Intertwining DNA-RNA nanocapsules loaded with tumor neoantigens as synergistic nanovaccines for cancer immunotherapy. Academic Article uri icon


  • Nanomedicines that co-deliver DNA, RNA, and peptide therapeutics are highly desirable yet remain underdeveloped for cancer theranostics.

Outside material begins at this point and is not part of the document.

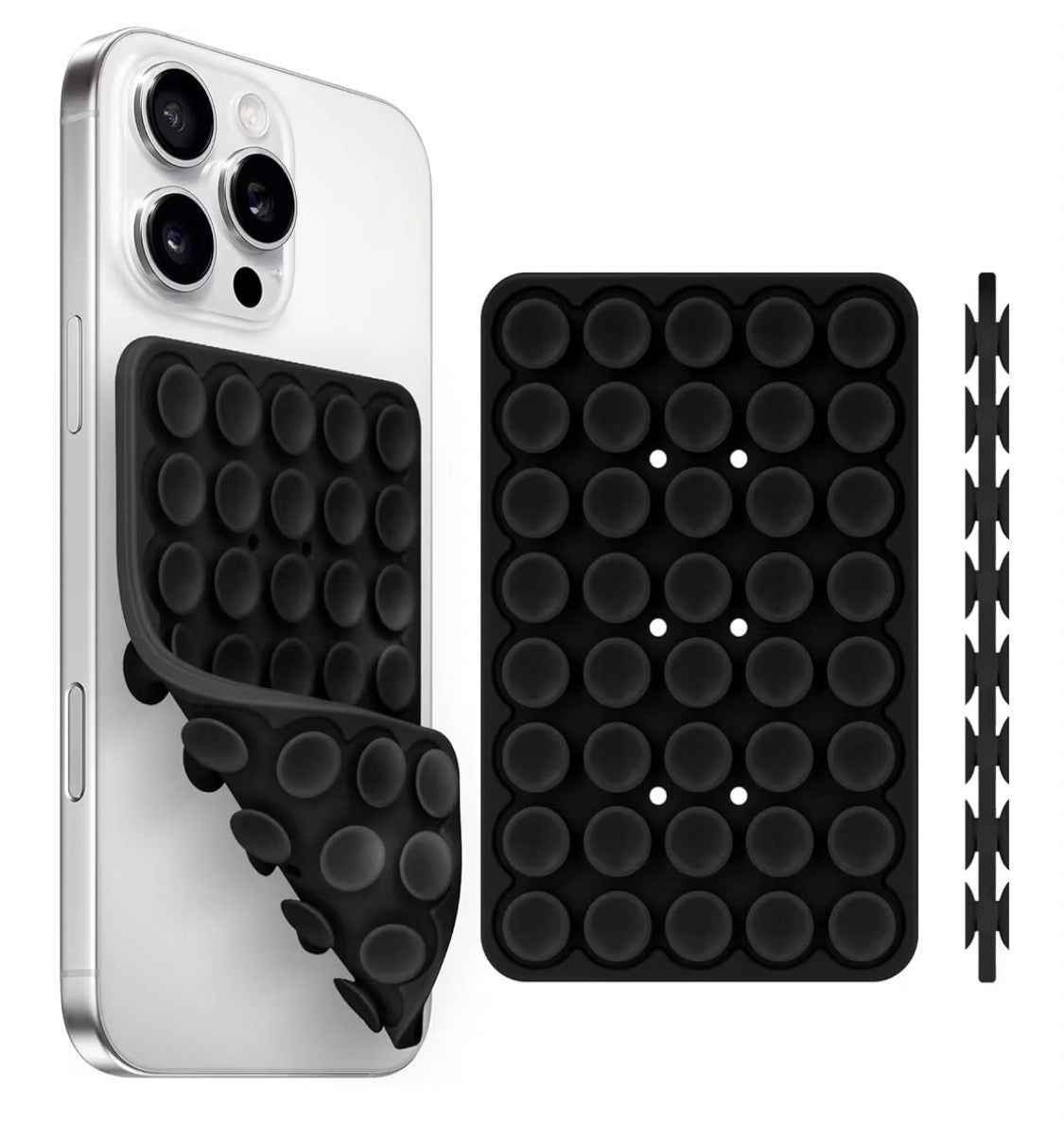 Magnetic Suction Cup Foldable Phone Holder MagSafe Compatible Phones Car Mount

Herein, we report self-assembled intertwining DNA-RNA nanocapsules (iDR-NCs) that efficiently delivered synergistic DNA CpG and short hairpin RNA (shRNA) adjuvants, as well as tumor-specific peptide neoantigens into antigen presenting cells (APCs) in lymph nodes for cancer immunotherapy. These nanovaccines were prepared by (1) producing tandem CpG and shRNA via concurrent rolling circle replication and rolling circle transcription, (2) self-assembling CpG and shRNA into DNA-RNA microflowers, (3) shrinking microflowers into iDR-NCs using PEG-grafted cationic polypeptides, and (4) physically loading neoantigen into iDR-NCs. CpG and shRNA in iDR-NCs synergistically activate APCs for sustained antigen presentation. Remarkably, iDR-NC/neoantigen nanovaccines elicit 8-fold more frequent neoantigen-specific peripheral CD8+ T cells than CpG, induce T cell memory, and significantly inhibit the progression of neoantigen-specific colorectal tumors. Collectively, iDR-NCs represent potential DNA/RNA/peptide triple-co-delivery nanocarriers and synergistic tumor immunotherapeutic nanovaccines.